Individualmente tampoco somos capaces de reconocernos y tratamos de ser felices acallando lo que no nos satisface y potenciando lo que, al parecer, sí lo hace. Esta forma de no saber de nuestra naturaleza interdependiente, coemergente por tanto, es también consecuencia de la simplificación de creernos independientes del resto, lo que nos lleva a instrumentalizar cualquier cosa para que sirva a nuestros supuestos intereses; supuestos en la medida que nuestro pensamiento es incapaz de considerar el conjunto y sólo hacerlo de aquello que aparenta ser.
Una apasionante aventura está ante nosotros; nosotros, seres con una consciencia capaz de saber del vasto universo que estamos experimentando sin darnos cuenta..., por ahora.

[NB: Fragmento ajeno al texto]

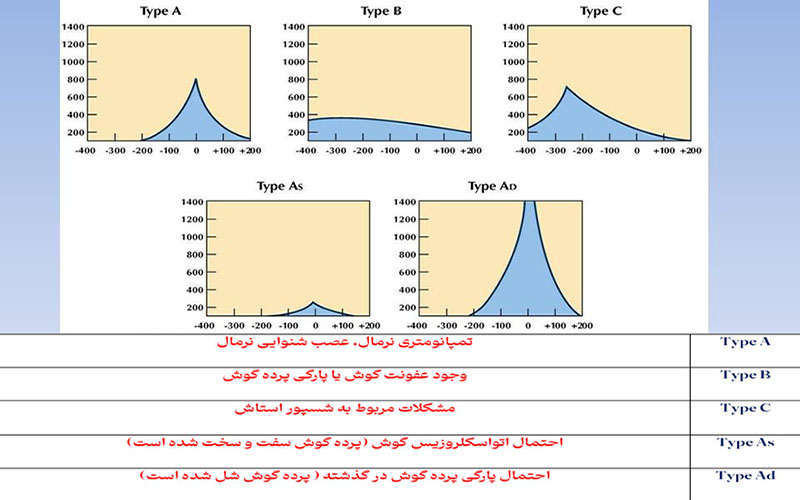 تفسیر نوار گوش کودکان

El proyecto "La Aventura de Comprender. En busca de Preguntas Imprescindibles" ha sido concebido para cooperar en el logro de una cultura más acorde con el planeta entendiéndola como explicación y sentido de la existencia; como referencia de las posibilidades inteligentes y creativas de acuerdo con la gran cantidad de factores que intervienen en cualquier actividad y, también, atendiendo a la repercusión de nuestras acciones en el conjunto de la Naturaleza, en un intento plausible de superar la cada vez más evidente, enorme y devastadora diferencia que hay entre lo que creemos ser y lo que realmente somos.